**EXERCISE MATERIAL:**

-=-=-=-=-

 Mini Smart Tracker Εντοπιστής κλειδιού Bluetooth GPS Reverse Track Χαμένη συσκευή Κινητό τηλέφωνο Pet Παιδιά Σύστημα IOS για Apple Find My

-=-=-=-=-

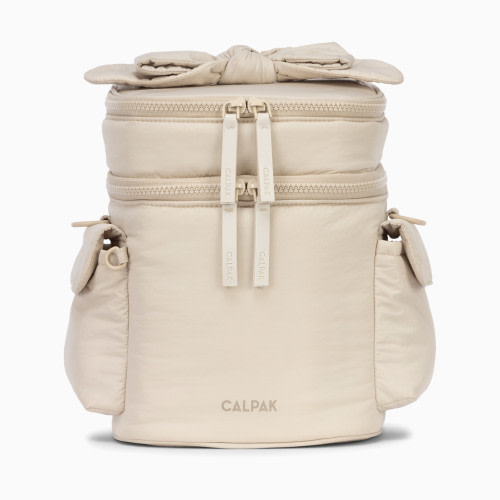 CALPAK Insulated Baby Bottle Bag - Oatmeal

-=-=-=-=-

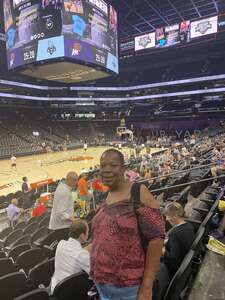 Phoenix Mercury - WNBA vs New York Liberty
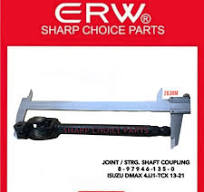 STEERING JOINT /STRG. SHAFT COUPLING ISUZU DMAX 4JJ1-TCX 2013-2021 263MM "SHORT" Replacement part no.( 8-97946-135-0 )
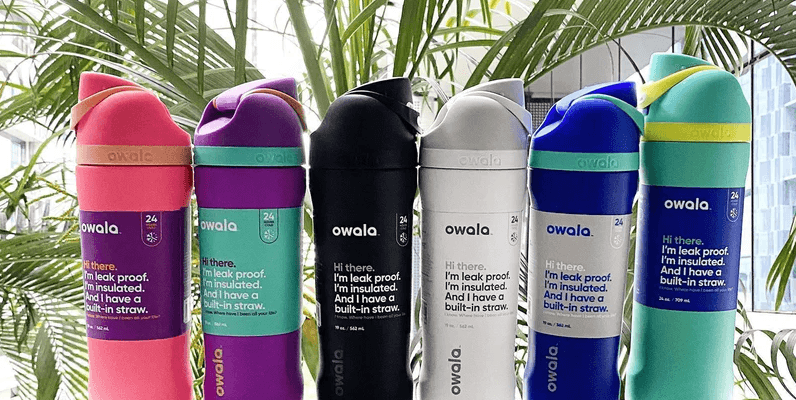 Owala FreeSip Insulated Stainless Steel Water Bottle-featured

-=-=-=-=-

**WORK TO BE COMPLETED:** Everything above from the line with "Phoenix Mercury - WNBA vs New York Liberty" through the line with "Owala FreeSip Insulated" should be retyped exactly, and nothing else; omit pictures.

**OUTPUT BELOW:**
 Phoenix Mercury - WNBA vs New York Liberty
 STEERING JOINT /STRG. SHAFT COUPLING ISUZU DMAX 4JJ1-TCX 2013-2021 263MM "SHORT" Replacement part no.( 8-97946-135-0 )
 Owala FreeSip Insulated Stainless Steel Water Bottle-featured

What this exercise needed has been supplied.